● DATA SHOWN:
╭──

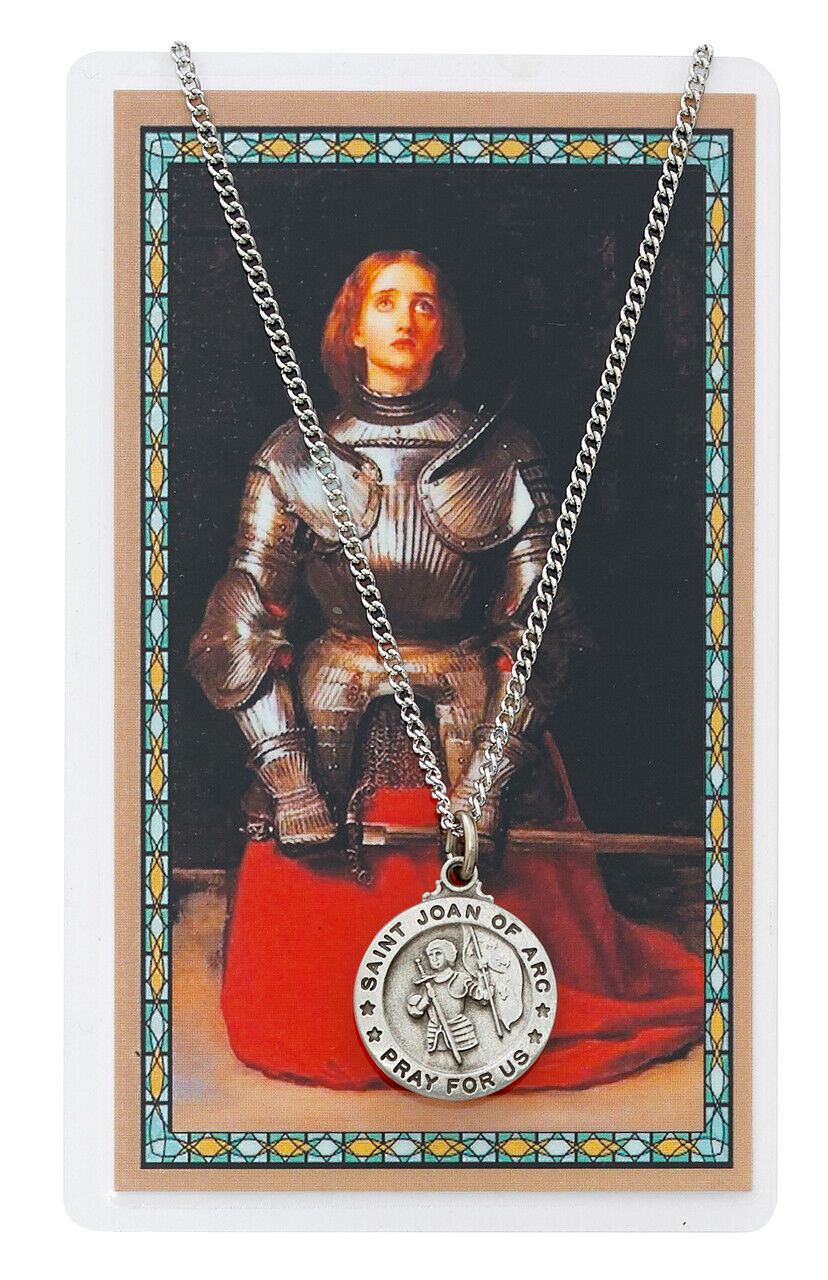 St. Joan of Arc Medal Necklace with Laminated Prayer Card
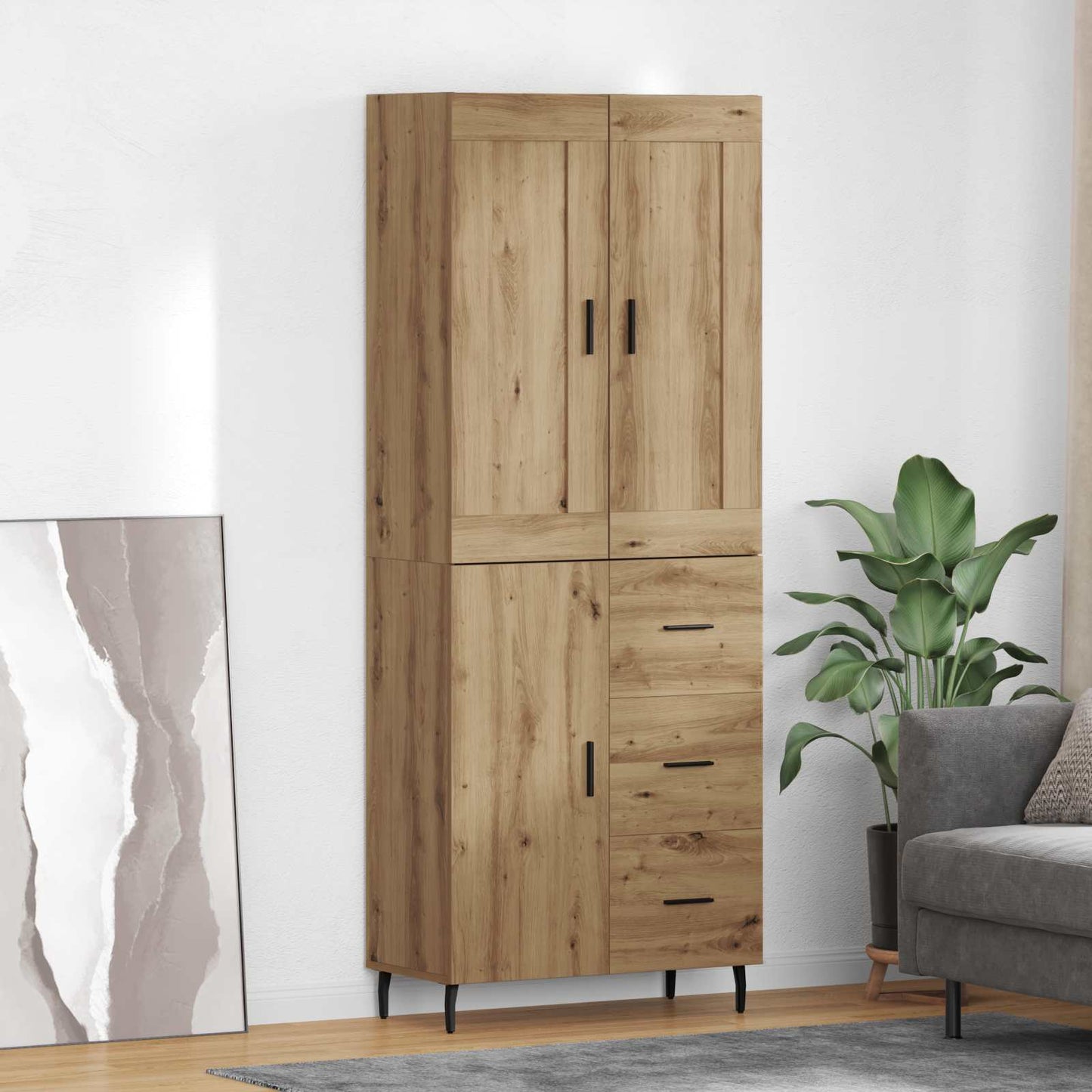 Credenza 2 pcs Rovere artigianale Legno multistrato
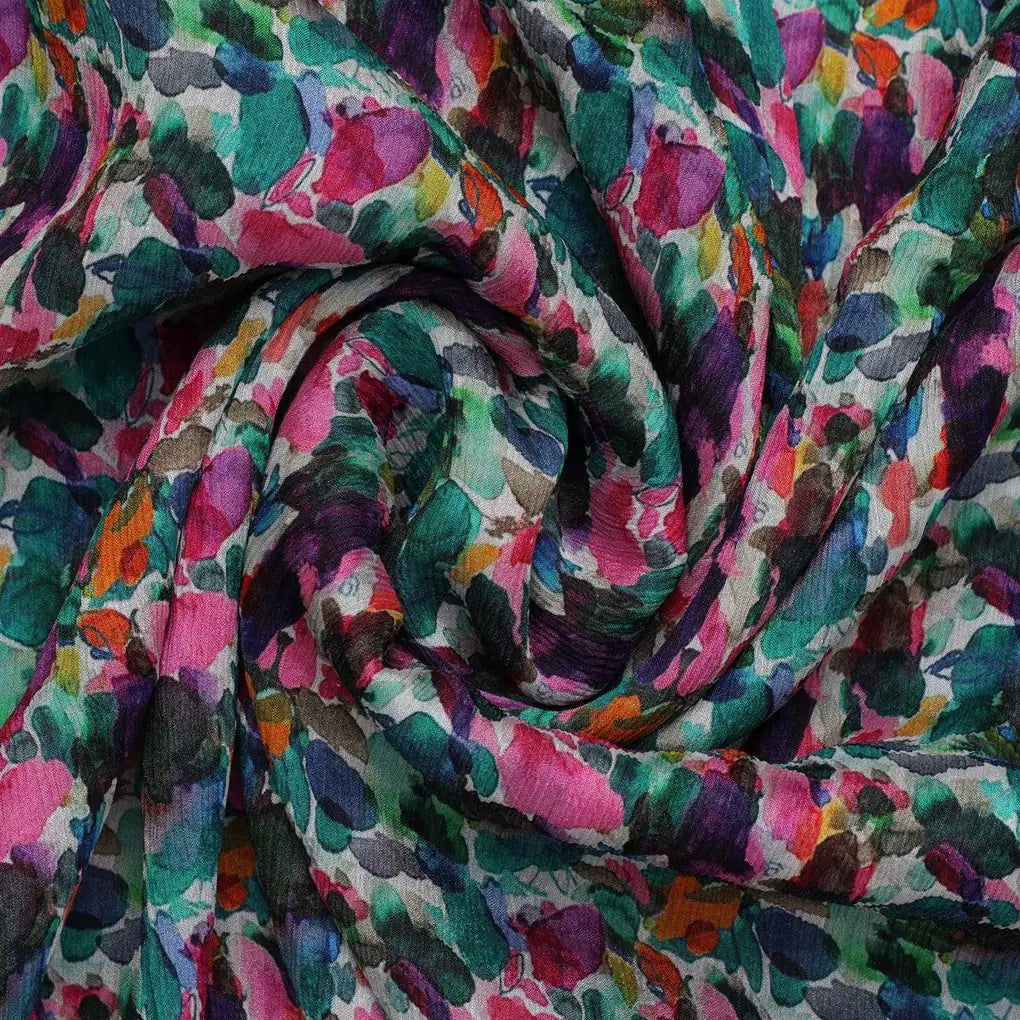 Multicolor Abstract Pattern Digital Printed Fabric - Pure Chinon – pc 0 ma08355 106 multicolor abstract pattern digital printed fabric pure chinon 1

╰──

● REQUIRED WORK:
Could you output the lines above exactly, with no pictures included?

● REPLY TO THE TASK:
 St. Joan of Arc Medal Necklace with Laminated Prayer Card
 Credenza 2 pcs Rovere artigianale Legno multistrato
 Multicolor Abstract Pattern Digital Printed Fabric - Pure Chinon – pc 0 ma08355 106 multicolor abstract pattern digital printed fabric pure chinon 1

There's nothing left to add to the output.